I wrote this book to help you pick the place that’s right for you. I’ll share with you more than twenty-five years of personal research, as well as the work and findings of many others.4 I’ve structured my advice around three key ideas.
- Despite all the hype over globalization and the “flat world,” place is actually more important to the global economy than ever before.
- Places are growing more diverse and specialized—from their economic makeup and job market to the quality of life they provide and the kinds of people that live in them.
- We live in a highly mobile society, giving most of us more say over where we live.
Taken together, these three facts mean that where you choose to live will greatly affect everything from your finances and job options to your friends, your potential mate, and your children’s future.
The first part of this book tackles the big picture. It looks at how and why place continues to matter to the global economy. It provides maps and statistics that chart the reality of globalization and the function of mega-regions, the new economic units of what I call the “spiky world.”
The second part addresses how where you live affects your economic situation—the new realities of the job market, trends in the housing market, real estate appreciation, all of which are real pocketbook issues. It shows how economic advantage accrues in some places more than others, details the new migration of talented and skilled people to a small set of regions, and documents the forces driving the ups and downs of the housing market. It also describes the trend toward the clustering of jobs—high-tech in Silicon Valley or Austin, finance in New York, filmmaking in Hollywood, music in Nashville.
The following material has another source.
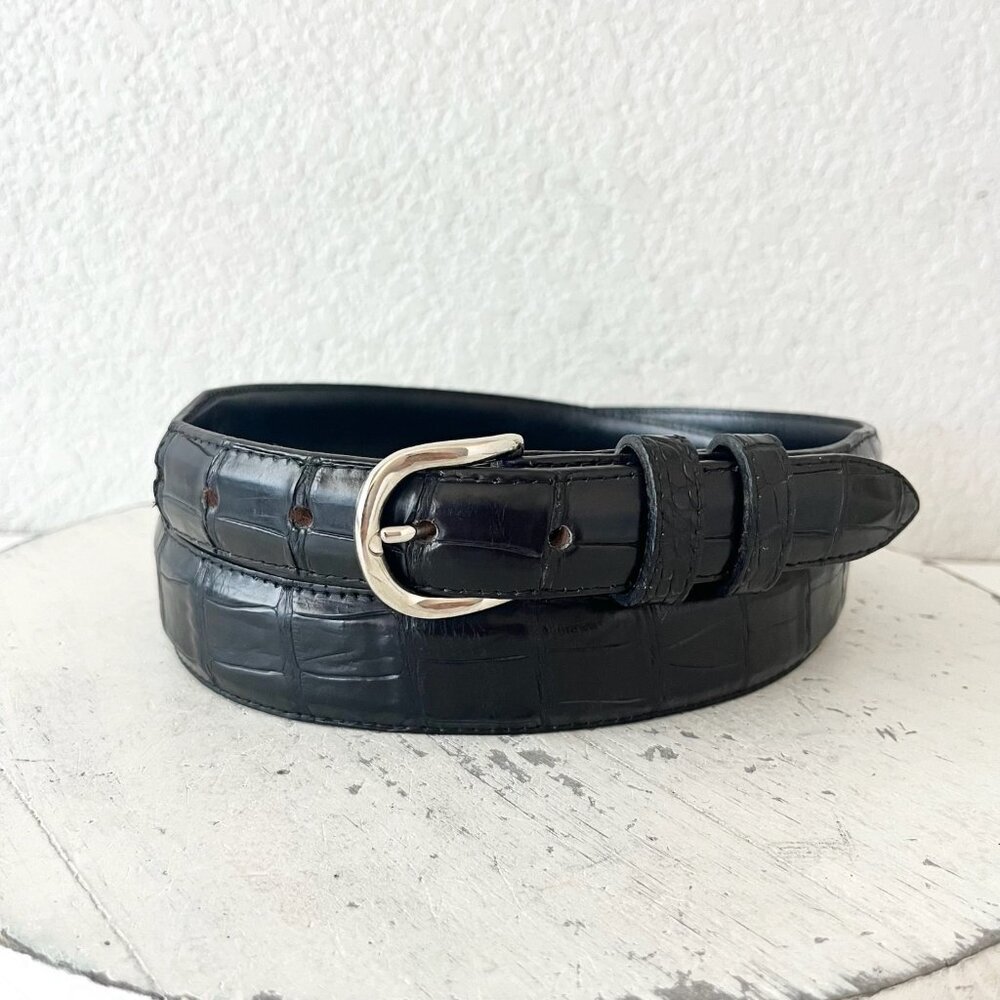 Rod Patrick Boots Mens Black Western Belt Size 36 & 1 3/8in Wide Taper Caiman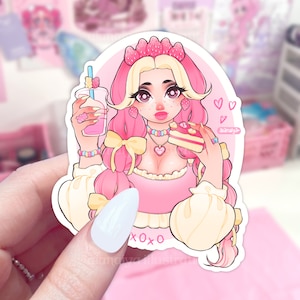 schattige bakkerij plus size meisjessticker | matte gestanste stickervlok | mabel het bakkerijmeisje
The third part confronts what is perhaps the biggest trade-off we need to consider when picking a place to live: how to balance our career goals against our lifestyle and other needs. It looks at the relationship between where we live and our ability to live happy, fulfilled lives. It draws from a large-scale survey of 28,000 people that I conducted with the Gallup Organization. This study, the Place and Happiness Survey, found that location is as relevant to a person’s well-being as are his or her job, finances, and interpersonal relationships.
The fourth part looks at how our needs and preferences for where we live evolve and change as we go through three of life’s main stages—when we’re young and single, married with children, and as empty-nesters and after our children have left the house. This section features new rankings my team and I developed of the best places for each of these main stages of your life.
The last chapter gets practical. It provides the basic tools you need to identify the place that’s best for you. Even if you’re ecstatic about where you currently live, this chapter will help you better understand what you truly desire and need. If you’re thinking about a move, it provides a detailed guide of what to look for and where to look for it. By the end of this book, you’ll better understand the critical role of place in today’s global economy, and how to maximize your chances for a happy and fulfilling life by picking the place that’s right for you.